**TASK ITEM:**
The whole of the data is to be returned without a single change.

**AVAILABLE DATA:**
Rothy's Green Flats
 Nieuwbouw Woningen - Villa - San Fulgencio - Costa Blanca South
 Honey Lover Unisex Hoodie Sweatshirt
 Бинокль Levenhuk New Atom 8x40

**SOLUTION TO THE EXERCISE:**
Rothy's Green Flats
 Nieuwbouw Woningen - Villa - San Fulgencio - Costa Blanca South
 Honey Lover Unisex Hoodie Sweatshirt
 Бинокль Levenhuk New Atom 8x40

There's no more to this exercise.